Data is stored in columns as opposed to rows in columnar storage, which improves data compression, data elimination, and query execution time.
For data warehousing applications where analytical queries frequently involve aggregations, filtering, and operations on subsets of columns, columnar storage is a good fit.

What AWS service is suggested for absorbing streaming real-time data into a data warehouse?

Correct! Wrong!

An AWS service called Amazon Kinesis Data Firehose is recommended for ingesting streaming real-time data into a data warehouse.
Real-time streaming data, including logs, events, and other types of data, can be captured, loaded, and sent to a variety of locations, including data warehouses like Amazon Redshift or Amazon S3.
For additional analysis in a data warehouse, Kinesis Data Firehose can assist in ensuring that streaming data is absorbed and converted in a scalable and effective manner.

Which AWS service simplifies Redshift cluster provisioning and management?

Correct! Wrong!

By automatically altering the number of nodes in a Redshift cluster based on the workload, Amazon Redshift Auto Scaling is an AWS service that streamlines Redshift cluster creation and maintenance.
To accommodate changing query loads, it dynamically scales the cluster up or down, providing top performance without requiring any intervention.

What AWS service is created specifically for extracting, transforming, and loading (ETL) procedures in a data warehouse?

Correct! Wrong!

Specifically created for data warehousing and analytics use cases, AWS Glue is a fully managed extract, transform, and load (ETL) service.
Data preparation and loading from diverse sources into data warehouses, data lakes, and other data repositories are made simpler by the automation of the ETL process.
Data discovery, data cataloging, task scheduling, and the creation of ETL scripts are all possible with AWS Glue.

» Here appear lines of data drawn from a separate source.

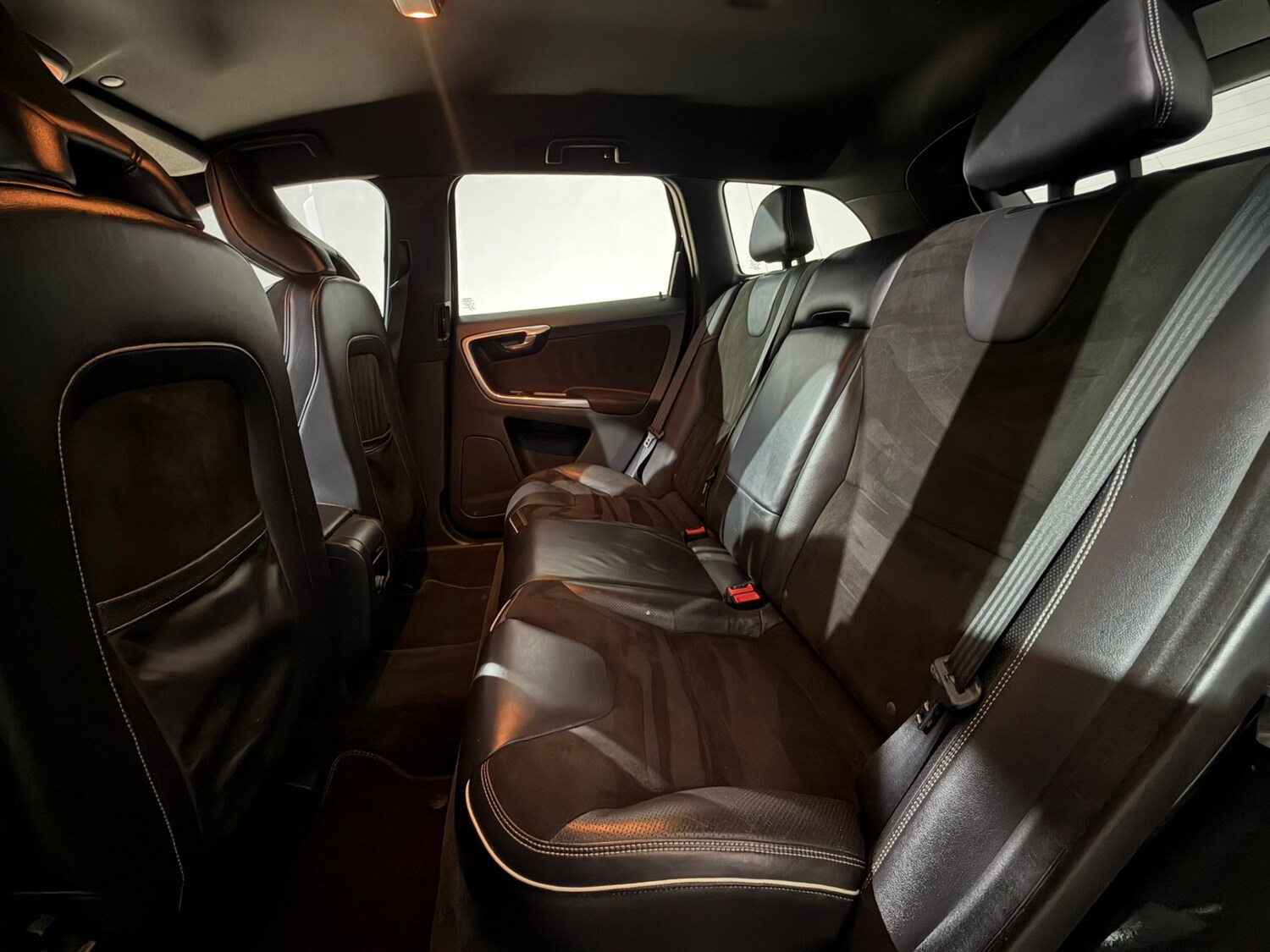 Used Volvo XC60 2016 for sale - 77959845: Photo 18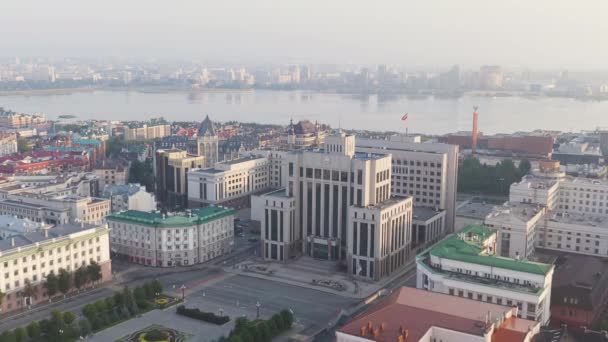 Kazan, Rusya. Sabahın erken saatlerinde Tataristan Cumhuriyeti Bakanlar Kurulu binasının hava görüntüsü. 4K — Stok video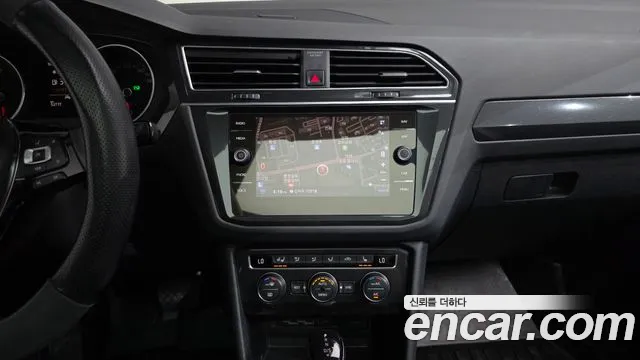 Volkswagen Tiguan 2020 thumb 8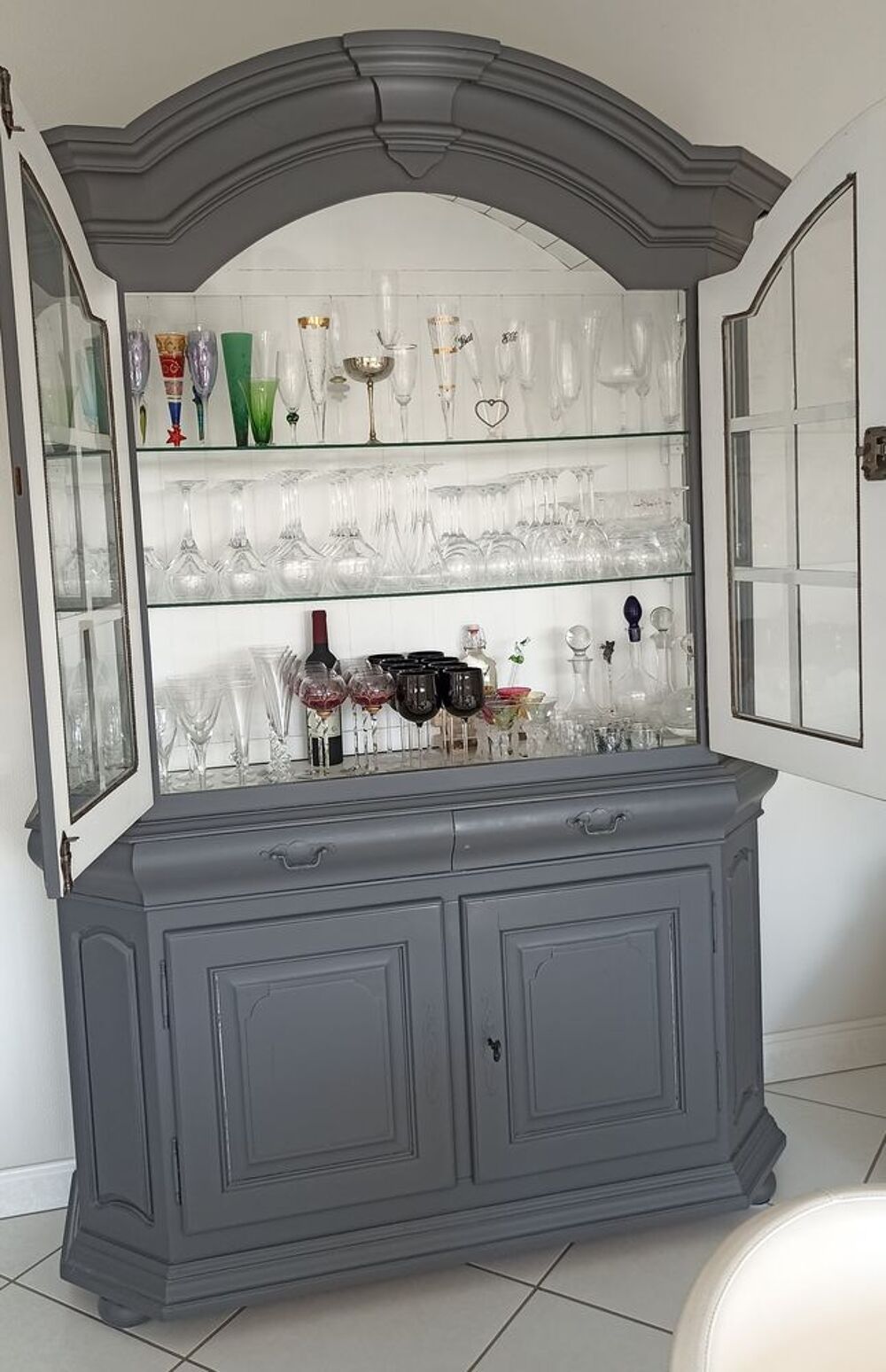 Meuble vaisselier en ch&ecirc;ne Meubles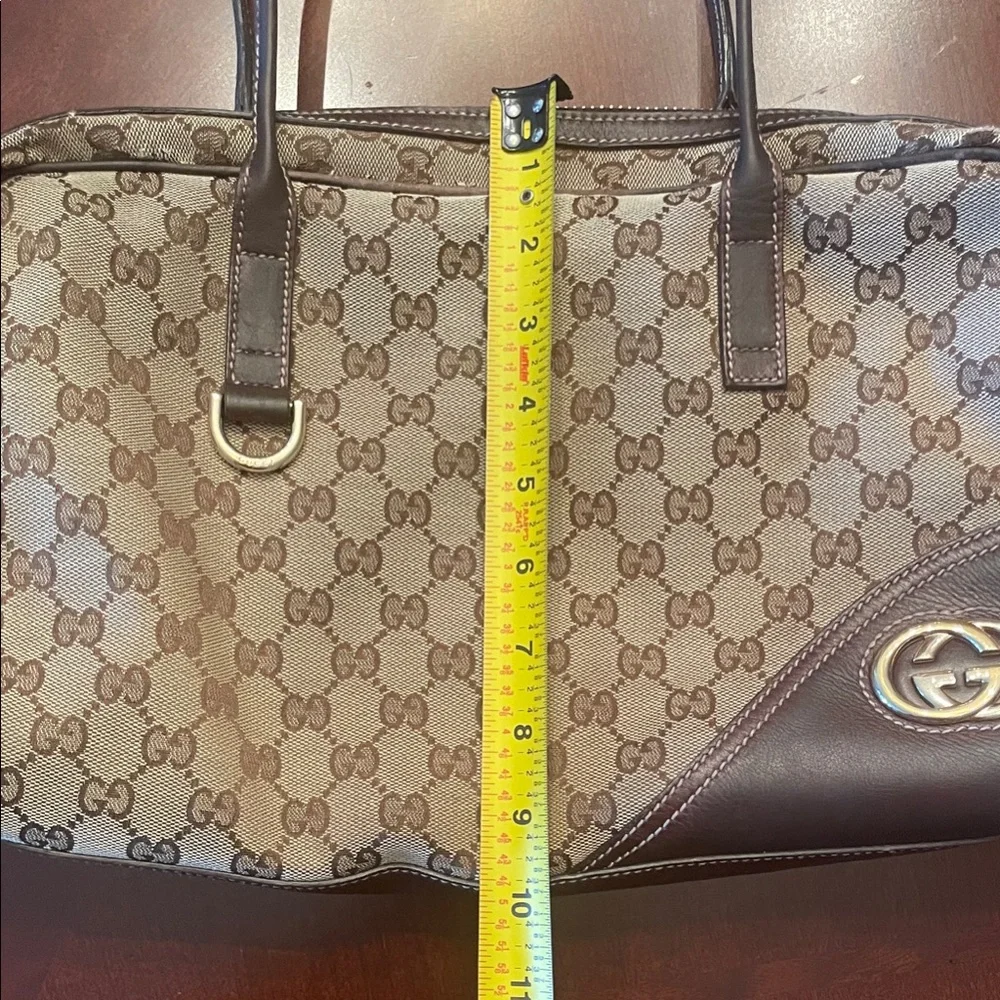 Vintage Gucci Beige and Brown Monogram Shoulder Bag - Picture 13 of 15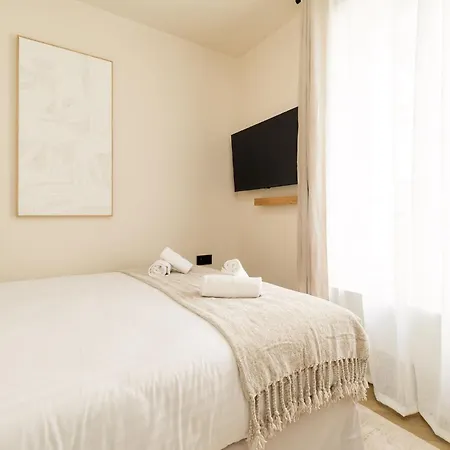 Sereners Comete Aparthotel 4*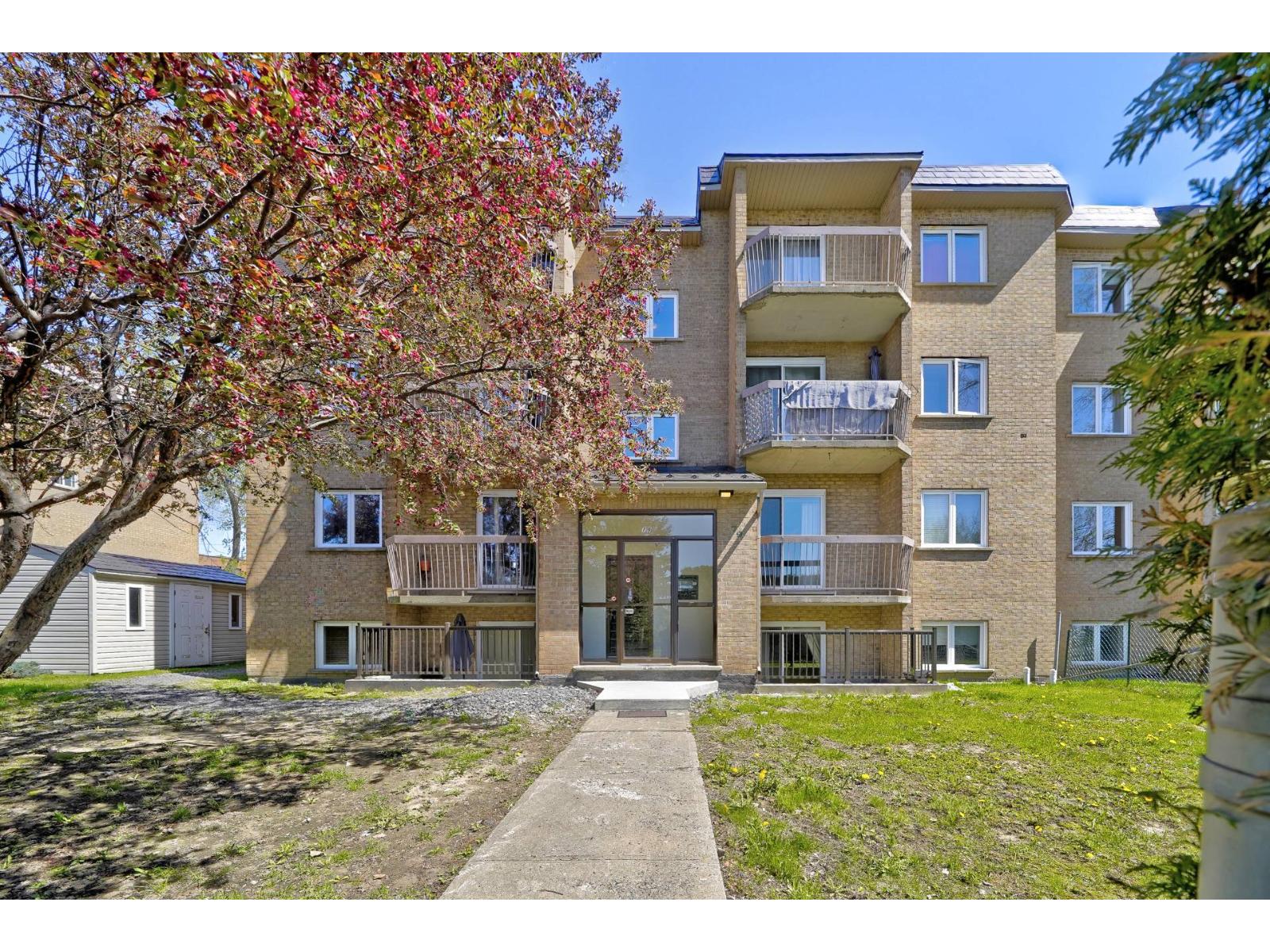 79 Boul. Jean-Paul-Vincent, #3, Longueuil (Le Vieux-Longueuil), Quebec J4G1Y4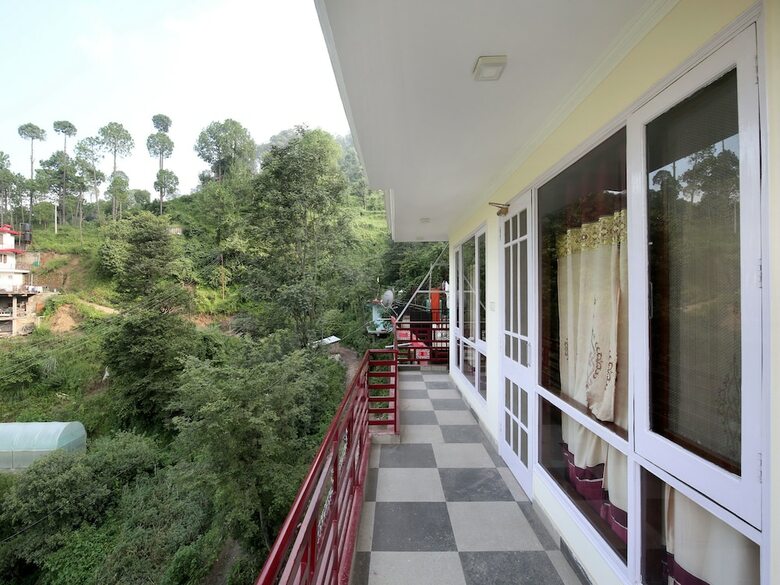 Hotel Oyo 17175 Home Blissful 2bhk Kumarhatti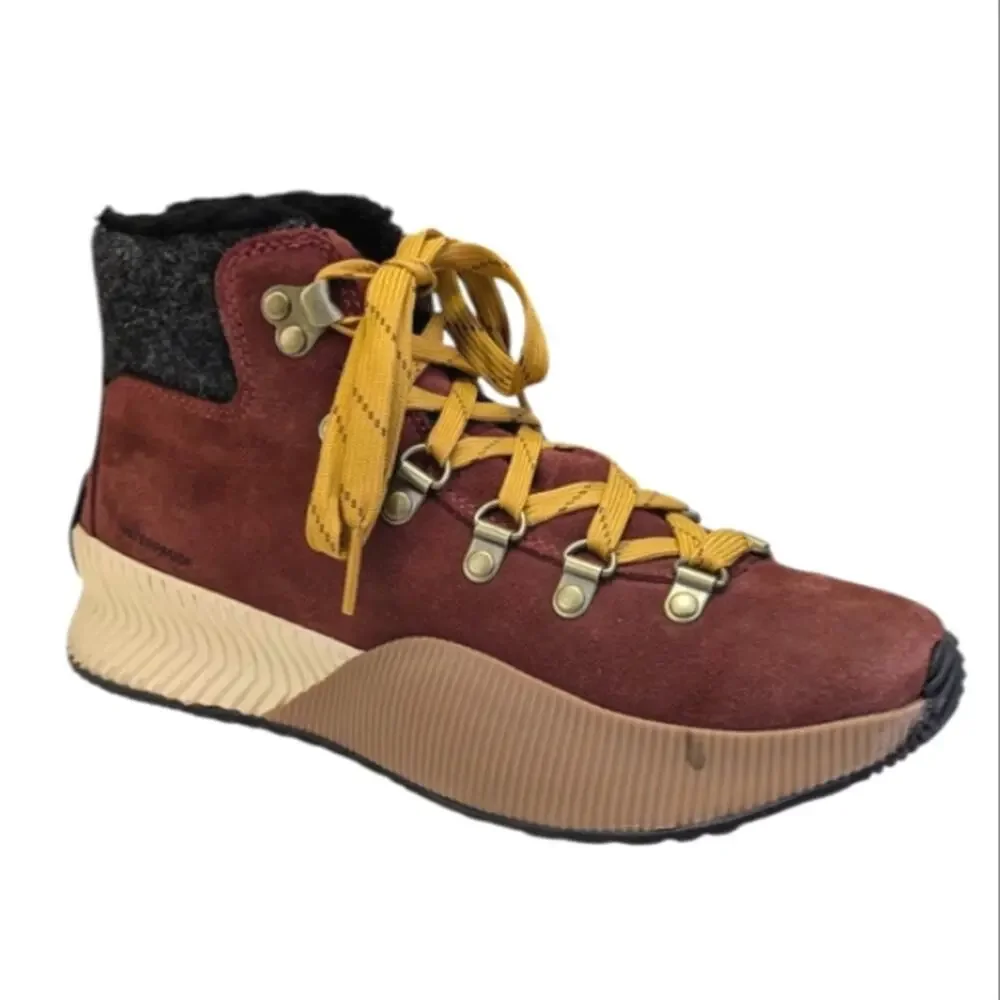 Sorel Out 'N' About III Conquest Boots Size 7  EUC   S3816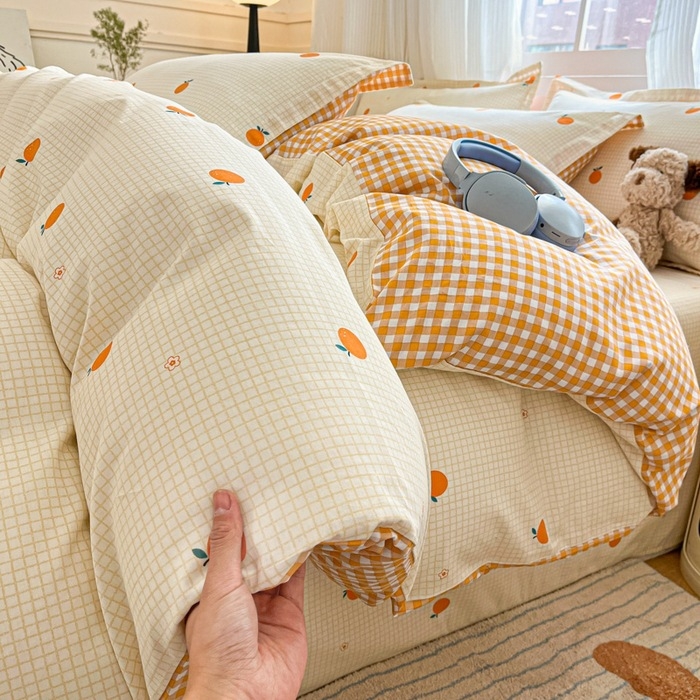 Šviežia 60 medvilnės keturių dalių medvilninė trijų dalių patalynė, nauja „Four Seasons“ didelio tankio paklodė su guma, skirta studentų bendrabučiui.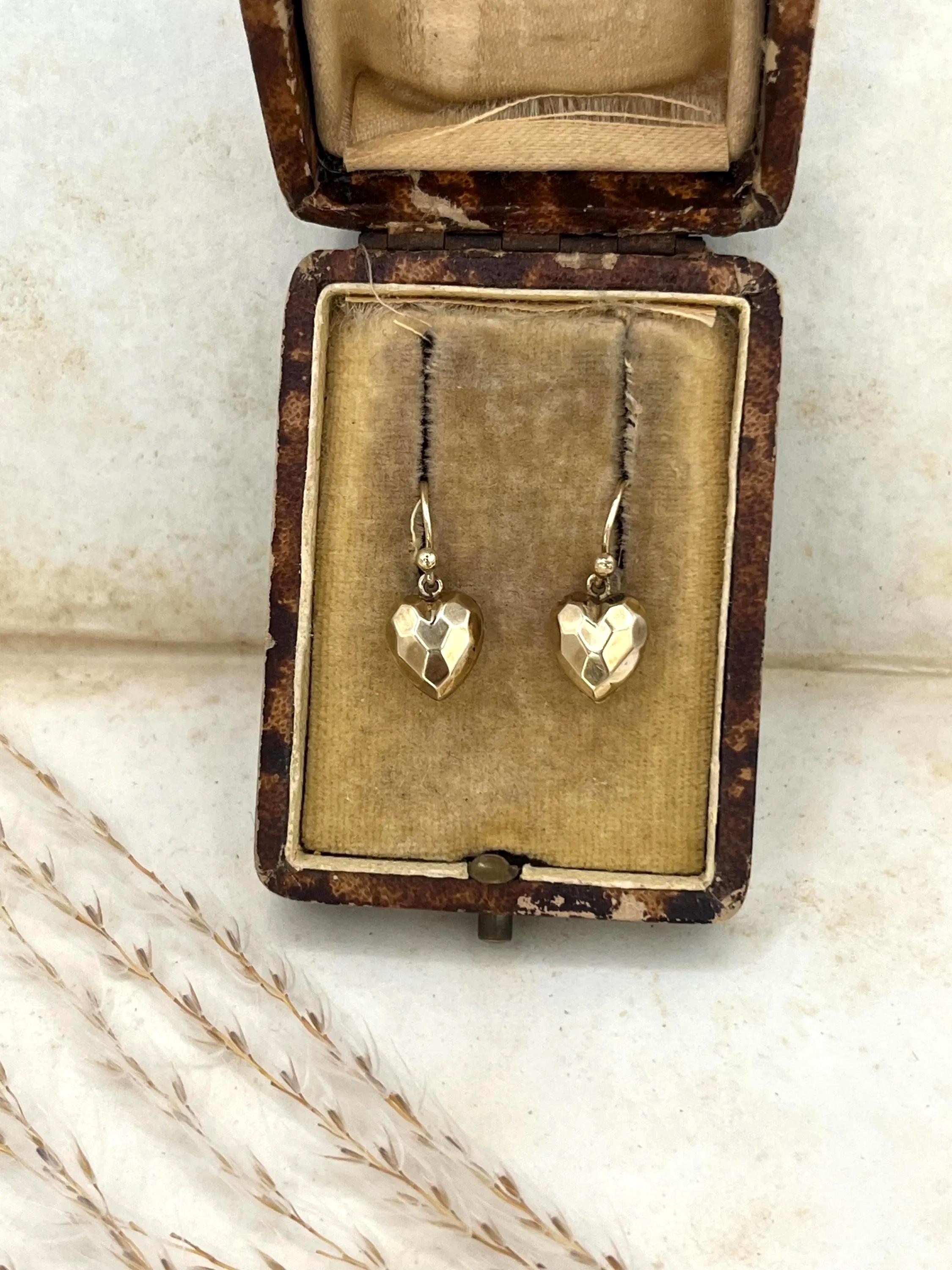 Antichi orecchini a goccia a cuore in oro 9ct, CIRCA 1910 in vendita 6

Which AWS service enables the speedy creation, deployment, and management of relational databases?

Correct! Wrong!

The AWS service known as Amazon RDS makes it possible to quickly build, deploy, and maintain relational databases.
It offers a managed database service that works with a number of well-known relational database engines, including MySQL, PostgreSQL, Oracle, Microsoft SQL Server, and others.
Without having to handle the supporting infrastructure, you can easily set up, run, and scale a relational database with Amazon RDS.

What is the main application of Amazon QuickSight in AWS's data warehousing?

Correct! Wrong!

Data visualization and business intelligence (BI) are two of Amazon QuickSight's key uses in AWS's data warehousing.
With the help of Amazon QuickSight, a tool for cloud-native business intelligence, you can build interactive dashboards, reports, and visualizations using data from different AWS sources, including data warehouses like Amazon Redshift.

What of the following is an example of structured data?

Correct! Wrong!

Data that has been arranged into a certain format or structure, usually with a clear schema, is referred to as structured data.
Structured data, which is data that is stored in rows and columns with established data types and connections, is best shown by relational database tables.